*** Block opens ***

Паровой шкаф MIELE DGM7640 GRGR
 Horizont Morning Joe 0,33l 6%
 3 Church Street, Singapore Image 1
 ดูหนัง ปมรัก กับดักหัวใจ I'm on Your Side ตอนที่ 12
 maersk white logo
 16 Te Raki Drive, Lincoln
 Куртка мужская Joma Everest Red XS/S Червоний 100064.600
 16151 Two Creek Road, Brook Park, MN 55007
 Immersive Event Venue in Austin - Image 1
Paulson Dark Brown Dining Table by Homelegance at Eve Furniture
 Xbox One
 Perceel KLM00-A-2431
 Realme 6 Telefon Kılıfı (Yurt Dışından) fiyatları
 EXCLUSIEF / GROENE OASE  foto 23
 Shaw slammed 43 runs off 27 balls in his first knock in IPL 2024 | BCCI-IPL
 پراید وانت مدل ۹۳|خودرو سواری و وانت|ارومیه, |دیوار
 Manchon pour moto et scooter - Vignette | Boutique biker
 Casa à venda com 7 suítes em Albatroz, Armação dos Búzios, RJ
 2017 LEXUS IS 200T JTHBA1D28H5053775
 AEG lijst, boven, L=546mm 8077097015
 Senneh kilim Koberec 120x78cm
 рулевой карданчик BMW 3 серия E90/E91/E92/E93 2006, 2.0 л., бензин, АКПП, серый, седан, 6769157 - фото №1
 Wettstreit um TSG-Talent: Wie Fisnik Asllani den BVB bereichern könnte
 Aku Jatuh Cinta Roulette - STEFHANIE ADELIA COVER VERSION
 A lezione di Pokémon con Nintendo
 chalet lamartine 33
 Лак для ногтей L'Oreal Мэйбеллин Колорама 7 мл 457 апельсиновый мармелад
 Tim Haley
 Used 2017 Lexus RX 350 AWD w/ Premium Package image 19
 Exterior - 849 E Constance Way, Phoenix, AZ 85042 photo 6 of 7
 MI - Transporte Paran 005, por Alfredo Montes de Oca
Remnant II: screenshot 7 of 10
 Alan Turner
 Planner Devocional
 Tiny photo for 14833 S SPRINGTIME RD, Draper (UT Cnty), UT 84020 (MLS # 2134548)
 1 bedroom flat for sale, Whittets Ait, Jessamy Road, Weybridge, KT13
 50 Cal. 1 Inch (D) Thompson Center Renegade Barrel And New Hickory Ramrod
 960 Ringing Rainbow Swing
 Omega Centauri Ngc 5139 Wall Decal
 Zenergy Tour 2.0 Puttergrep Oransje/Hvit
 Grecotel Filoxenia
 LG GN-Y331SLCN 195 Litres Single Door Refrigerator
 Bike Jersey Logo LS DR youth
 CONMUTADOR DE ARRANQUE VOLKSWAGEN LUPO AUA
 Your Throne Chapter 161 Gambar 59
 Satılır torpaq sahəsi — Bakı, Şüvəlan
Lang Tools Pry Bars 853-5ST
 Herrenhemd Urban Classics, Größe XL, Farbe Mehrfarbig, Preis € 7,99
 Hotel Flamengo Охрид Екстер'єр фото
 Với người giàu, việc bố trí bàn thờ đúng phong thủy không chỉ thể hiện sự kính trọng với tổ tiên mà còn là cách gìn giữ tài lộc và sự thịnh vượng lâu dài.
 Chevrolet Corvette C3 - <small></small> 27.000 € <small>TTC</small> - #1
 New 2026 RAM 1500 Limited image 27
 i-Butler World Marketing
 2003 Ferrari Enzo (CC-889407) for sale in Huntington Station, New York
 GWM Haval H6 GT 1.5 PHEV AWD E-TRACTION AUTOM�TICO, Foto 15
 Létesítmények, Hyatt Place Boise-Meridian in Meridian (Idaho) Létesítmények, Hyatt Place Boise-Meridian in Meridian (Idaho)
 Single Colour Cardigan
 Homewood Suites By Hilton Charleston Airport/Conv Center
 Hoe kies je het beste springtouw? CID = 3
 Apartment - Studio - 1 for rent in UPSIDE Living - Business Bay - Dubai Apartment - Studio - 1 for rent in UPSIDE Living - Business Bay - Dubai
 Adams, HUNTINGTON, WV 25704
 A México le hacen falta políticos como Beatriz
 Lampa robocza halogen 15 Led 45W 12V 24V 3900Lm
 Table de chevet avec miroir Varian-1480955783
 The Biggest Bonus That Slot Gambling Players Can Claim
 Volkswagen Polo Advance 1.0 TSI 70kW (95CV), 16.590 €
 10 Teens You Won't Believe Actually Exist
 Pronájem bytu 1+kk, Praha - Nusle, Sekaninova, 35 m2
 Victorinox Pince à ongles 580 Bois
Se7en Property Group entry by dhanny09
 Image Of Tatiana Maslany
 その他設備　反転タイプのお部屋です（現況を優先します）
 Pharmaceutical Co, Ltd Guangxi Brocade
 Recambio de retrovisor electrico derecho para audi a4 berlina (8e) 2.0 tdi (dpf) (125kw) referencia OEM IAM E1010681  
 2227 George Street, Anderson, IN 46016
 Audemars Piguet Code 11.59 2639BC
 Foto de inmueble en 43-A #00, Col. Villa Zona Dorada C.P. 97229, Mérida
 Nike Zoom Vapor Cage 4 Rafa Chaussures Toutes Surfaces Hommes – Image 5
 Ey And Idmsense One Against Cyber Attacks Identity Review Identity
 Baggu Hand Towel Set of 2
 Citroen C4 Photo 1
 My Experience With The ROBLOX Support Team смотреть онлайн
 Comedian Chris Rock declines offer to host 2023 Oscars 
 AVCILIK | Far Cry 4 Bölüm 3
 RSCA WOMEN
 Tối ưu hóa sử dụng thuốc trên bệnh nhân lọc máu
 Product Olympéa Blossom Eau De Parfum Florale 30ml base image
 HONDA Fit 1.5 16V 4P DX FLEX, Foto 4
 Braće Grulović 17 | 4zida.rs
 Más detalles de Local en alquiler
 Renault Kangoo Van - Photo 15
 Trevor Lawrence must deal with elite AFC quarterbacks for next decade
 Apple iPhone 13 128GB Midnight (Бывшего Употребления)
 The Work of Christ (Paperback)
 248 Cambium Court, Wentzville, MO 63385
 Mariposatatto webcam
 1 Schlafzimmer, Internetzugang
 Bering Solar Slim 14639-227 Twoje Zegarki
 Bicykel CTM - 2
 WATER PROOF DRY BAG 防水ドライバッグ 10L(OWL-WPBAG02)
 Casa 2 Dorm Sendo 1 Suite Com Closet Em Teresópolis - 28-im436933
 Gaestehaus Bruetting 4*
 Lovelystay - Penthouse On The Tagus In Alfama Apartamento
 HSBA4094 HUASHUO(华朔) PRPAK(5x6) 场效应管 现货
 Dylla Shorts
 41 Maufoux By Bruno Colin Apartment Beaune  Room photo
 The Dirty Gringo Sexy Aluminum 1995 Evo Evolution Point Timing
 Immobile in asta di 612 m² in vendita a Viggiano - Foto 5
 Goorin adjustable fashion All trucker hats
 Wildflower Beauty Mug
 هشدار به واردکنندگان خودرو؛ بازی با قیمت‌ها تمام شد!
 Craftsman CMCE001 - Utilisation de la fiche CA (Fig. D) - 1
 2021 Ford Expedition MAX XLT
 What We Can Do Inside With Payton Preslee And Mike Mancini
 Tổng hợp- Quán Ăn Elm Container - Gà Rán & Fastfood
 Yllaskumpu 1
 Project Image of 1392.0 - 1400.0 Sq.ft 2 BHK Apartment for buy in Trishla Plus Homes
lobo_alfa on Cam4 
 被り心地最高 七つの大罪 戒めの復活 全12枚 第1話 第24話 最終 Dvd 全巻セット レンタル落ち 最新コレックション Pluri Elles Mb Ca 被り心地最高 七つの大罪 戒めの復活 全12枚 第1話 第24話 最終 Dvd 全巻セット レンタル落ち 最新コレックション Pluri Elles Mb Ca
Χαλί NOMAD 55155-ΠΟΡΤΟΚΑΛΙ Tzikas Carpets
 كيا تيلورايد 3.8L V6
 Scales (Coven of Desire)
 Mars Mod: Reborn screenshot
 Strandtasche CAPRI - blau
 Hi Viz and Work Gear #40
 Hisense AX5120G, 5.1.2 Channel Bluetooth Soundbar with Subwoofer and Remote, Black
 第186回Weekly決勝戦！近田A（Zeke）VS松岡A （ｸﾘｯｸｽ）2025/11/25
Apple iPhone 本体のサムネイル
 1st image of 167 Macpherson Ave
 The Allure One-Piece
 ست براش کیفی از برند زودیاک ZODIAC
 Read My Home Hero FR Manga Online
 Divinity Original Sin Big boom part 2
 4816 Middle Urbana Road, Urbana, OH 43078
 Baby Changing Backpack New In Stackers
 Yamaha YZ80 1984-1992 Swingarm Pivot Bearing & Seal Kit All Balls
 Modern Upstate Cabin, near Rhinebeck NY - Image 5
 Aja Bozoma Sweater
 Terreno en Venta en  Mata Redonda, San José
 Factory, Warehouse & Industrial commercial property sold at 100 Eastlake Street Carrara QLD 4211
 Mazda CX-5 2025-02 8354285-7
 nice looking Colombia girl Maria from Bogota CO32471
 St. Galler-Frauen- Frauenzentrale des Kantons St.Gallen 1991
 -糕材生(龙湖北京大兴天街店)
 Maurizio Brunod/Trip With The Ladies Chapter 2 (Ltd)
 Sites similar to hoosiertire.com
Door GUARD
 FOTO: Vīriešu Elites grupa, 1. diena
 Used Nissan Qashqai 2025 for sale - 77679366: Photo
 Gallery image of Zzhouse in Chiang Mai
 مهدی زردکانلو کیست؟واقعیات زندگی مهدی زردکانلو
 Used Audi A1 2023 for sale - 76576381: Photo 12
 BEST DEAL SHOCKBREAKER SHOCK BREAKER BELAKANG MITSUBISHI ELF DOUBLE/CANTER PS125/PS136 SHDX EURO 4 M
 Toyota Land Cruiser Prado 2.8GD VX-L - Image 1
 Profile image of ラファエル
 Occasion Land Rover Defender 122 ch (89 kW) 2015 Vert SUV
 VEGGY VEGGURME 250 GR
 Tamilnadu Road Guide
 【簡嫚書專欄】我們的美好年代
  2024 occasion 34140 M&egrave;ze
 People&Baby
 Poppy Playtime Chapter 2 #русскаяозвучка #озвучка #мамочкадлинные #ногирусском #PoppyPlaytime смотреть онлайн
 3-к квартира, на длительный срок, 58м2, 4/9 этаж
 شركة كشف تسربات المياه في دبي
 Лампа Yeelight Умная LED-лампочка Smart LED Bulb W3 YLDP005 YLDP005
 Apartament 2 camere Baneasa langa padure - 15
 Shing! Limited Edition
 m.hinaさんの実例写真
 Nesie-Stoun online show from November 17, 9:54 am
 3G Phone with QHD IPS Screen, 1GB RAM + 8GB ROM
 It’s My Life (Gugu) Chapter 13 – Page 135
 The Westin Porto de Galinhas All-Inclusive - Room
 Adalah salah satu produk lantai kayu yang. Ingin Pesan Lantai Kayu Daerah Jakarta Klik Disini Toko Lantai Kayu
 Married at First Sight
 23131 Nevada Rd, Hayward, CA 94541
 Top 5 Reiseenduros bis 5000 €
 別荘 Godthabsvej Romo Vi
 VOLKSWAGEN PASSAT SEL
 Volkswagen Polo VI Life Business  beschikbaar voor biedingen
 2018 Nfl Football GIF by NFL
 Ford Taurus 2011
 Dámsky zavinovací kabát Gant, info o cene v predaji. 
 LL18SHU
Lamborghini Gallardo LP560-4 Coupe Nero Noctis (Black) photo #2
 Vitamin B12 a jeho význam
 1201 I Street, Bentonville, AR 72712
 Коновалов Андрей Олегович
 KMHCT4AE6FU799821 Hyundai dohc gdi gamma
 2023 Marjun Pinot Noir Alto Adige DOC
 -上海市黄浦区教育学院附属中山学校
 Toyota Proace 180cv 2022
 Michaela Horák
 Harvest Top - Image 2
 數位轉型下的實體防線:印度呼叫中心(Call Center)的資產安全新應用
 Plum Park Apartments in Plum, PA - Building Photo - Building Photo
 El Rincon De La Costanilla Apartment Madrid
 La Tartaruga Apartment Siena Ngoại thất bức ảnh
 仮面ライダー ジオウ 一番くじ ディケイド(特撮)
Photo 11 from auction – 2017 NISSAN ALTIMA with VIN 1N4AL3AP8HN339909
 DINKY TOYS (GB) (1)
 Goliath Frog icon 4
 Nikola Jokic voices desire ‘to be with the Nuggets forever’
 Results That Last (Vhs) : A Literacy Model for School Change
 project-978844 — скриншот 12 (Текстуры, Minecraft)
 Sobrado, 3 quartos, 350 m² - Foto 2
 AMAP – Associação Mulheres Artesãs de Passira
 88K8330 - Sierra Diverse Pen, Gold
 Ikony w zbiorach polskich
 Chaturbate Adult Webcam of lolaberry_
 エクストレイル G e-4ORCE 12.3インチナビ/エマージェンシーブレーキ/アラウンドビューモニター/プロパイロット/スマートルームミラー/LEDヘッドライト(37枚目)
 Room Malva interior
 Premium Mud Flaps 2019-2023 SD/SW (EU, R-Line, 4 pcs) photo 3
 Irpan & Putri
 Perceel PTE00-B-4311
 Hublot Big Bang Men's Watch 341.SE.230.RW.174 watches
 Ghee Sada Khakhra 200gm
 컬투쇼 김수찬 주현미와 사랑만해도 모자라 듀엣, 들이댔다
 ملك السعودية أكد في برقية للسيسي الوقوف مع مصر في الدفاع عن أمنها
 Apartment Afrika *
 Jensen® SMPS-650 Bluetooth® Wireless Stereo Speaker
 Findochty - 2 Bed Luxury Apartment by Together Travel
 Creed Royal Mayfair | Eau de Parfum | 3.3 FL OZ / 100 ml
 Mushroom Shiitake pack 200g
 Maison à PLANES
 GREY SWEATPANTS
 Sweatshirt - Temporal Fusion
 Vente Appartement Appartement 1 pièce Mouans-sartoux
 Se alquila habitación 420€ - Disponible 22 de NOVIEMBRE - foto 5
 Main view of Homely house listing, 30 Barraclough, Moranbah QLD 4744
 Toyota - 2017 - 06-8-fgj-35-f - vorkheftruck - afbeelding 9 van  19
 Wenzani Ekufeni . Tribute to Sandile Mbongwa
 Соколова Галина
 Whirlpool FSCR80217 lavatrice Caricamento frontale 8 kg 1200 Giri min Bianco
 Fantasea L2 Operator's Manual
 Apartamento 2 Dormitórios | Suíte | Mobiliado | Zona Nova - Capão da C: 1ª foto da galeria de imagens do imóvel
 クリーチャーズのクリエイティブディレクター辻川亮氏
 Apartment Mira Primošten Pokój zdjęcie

*** Block closes ***

Output should match, line for line, the stretch of the material above from the line holding "Hotel Flamengo Охрид Екстер'єр фото" through the line holding "Citroen C4 Photo 1".

### OUTPUT FOR THIS TASK
 Hotel Flamengo Охрид Екстер'єр фото
 Với người giàu, việc bố trí bàn thờ đúng phong thủy không chỉ thể hiện sự kính trọng với tổ tiên mà còn là cách gìn giữ tài lộc và sự thịnh vượng lâu dài.
 Chevrolet Corvette C3 - <small></small> 27.000 € <small>TTC</small> - #1
 New 2026 RAM 1500 Limited image 27
 i-Butler World Marketing
 2003 Ferrari Enzo (CC-889407) for sale in Huntington Station, New York
 GWM Haval H6 GT 1.5 PHEV AWD E-TRACTION AUTOM�TICO, Foto 15
 Létesítmények, Hyatt Place Boise-Meridian in Meridian (Idaho) Létesítmények, Hyatt Place Boise-Meridian in Meridian (Idaho)
 Single Colour Cardigan
 Homewood Suites By Hilton Charleston Airport/Conv Center
 Hoe kies je het beste springtouw? CID = 3
 Apartment - Studio - 1 for rent in UPSIDE Living - Business Bay - Dubai Apartment - Studio - 1 for rent in UPSIDE Living - Business Bay - Dubai
 Adams, HUNTINGTON, WV 25704
 A México le hacen falta políticos como Beatriz
 Lampa robocza halogen 15 Led 45W 12V 24V 3900Lm
 Table de chevet avec miroir Varian-1480955783
 The Biggest Bonus That Slot Gambling Players Can Claim
 Volkswagen Polo Advance 1.0 TSI 70kW (95CV), 16.590 €
 10 Teens You Won't Believe Actually Exist
 Pronájem bytu 1+kk, Praha - Nusle, Sekaninova, 35 m2
 Victorinox Pince à ongles 580 Bois
Se7en Property Group entry by dhanny09
 Image Of Tatiana Maslany
 その他設備　反転タイプのお部屋です（現況を優先します）
 Pharmaceutical Co, Ltd Guangxi Brocade
 Recambio de retrovisor electrico derecho para audi a4 berlina (8e) 2.0 tdi (dpf) (125kw) referencia OEM IAM E1010681  
 2227 George Street, Anderson, IN 46016
 Audemars Piguet Code 11.59 2639BC
 Foto de inmueble en 43-A #00, Col. Villa Zona Dorada C.P. 97229, Mérida
 Nike Zoom Vapor Cage 4 Rafa Chaussures Toutes Surfaces Hommes – Image 5
 Ey And Idmsense One Against Cyber Attacks Identity Review Identity
 Baggu Hand Towel Set of 2
 Citroen C4 Photo 1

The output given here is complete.